■ **EXERCISE DATA**:
"""

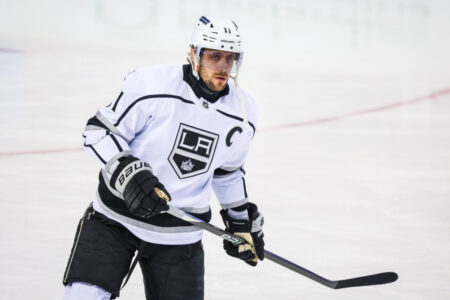 Kopitar Turns Back Clock In Kings Season Opener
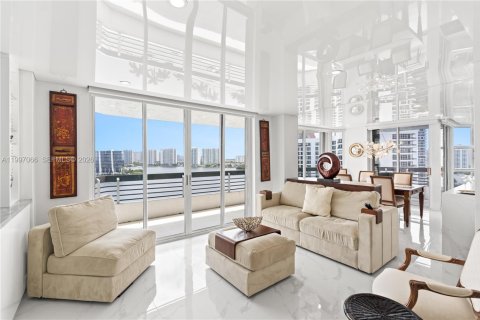 Copropriété à louer à Aventura, Floride: 2 chambres, 126.44 m2 № 2060793 - photo 6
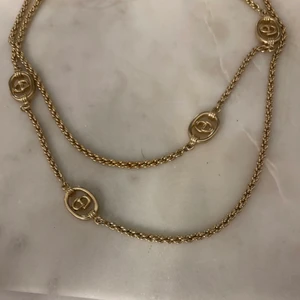 Dior halsband  - Hej❤️ säljer detta super snygga halsband som är äkta och är ifrån dior. Säljer pågrund av att jag är mer en silver tjej❤️ det passar så bra till sommaren också. Säljer billigt då jag inte har äktighetsbevis och behöver pengar ❤️❤️ Mvh Anna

"""

■ **WHAT THE TASK ASKS**: In the answer, give only the lines from the top of the data above through the line with "Copropriété à louer", reproduced exactly; no picture may appear.

■ **RESPONSE TO THIS TASK**:
 Kopitar Turns Back Clock In Kings Season Opener
 Copropriété à louer à Aventura, Floride: 2 chambres, 126.44 m2 № 2060793 - photo 6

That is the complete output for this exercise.